= Henry C. Segal =

Former American journalist

Henry Clay Segal (October 27, 1900 – July 18, 1985, Cincinnati) long time journalist, editor of The American Israelite, part time correspondent to The New York Times among other works.

Segal was born October, 1900 in Chillicothe, Ross County, Ohio.
==Career==
He wrote in, was staff member of The Ohio State Lantern since 1918, was a member of honorary professional journalistic fraternity and graduated from Ohio State in 1922 and again in 1923 with degrees in Liberal Arts and Journalism. He began working soon after.

For a short period, Segal was a reporter for the Akron Press and between 1923 and 1938 worked at The Cincinnati Post.

In 1930, Segal, bought The American Israelite and was its editor since, for over 50 years.
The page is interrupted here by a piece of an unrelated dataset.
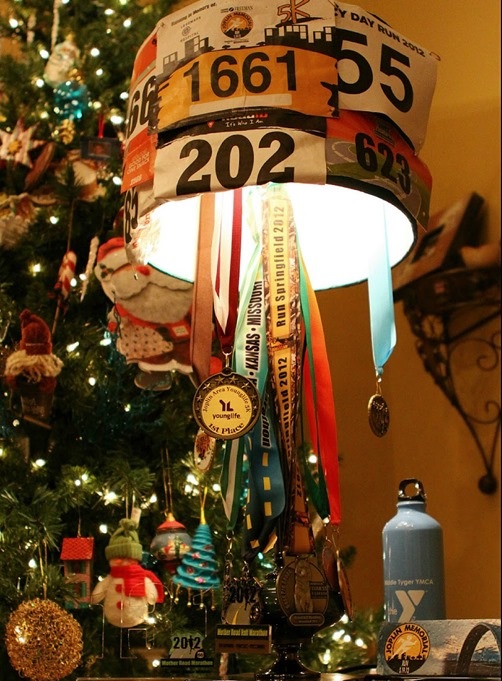 Race medal lamp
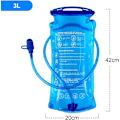 Miniatyrbillede 7 af 8: Hydreringsblære, 3 L 2 L 1,5 L Vandblære BPA-fri, 3 Liter Stor Åbning Vandbeholder, Lækagesikker Militær Vandopbevaringsblærepose 3l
Segal has been teaching journalism at the University of Cincinnati.

Segal worked as well at The Cincinnati Post, and as correspondent for The New York Times, part-time, for over three decades.

Throughout his career, Segal was active as well, in community activities.

==Personal life==
His brother was, Robert E. Segal, Boston community leader and activist.

His wife, Henriette, involved in philanthropic organization, died in 1954. Henry C Segal died in July 1985, in Cincinnati.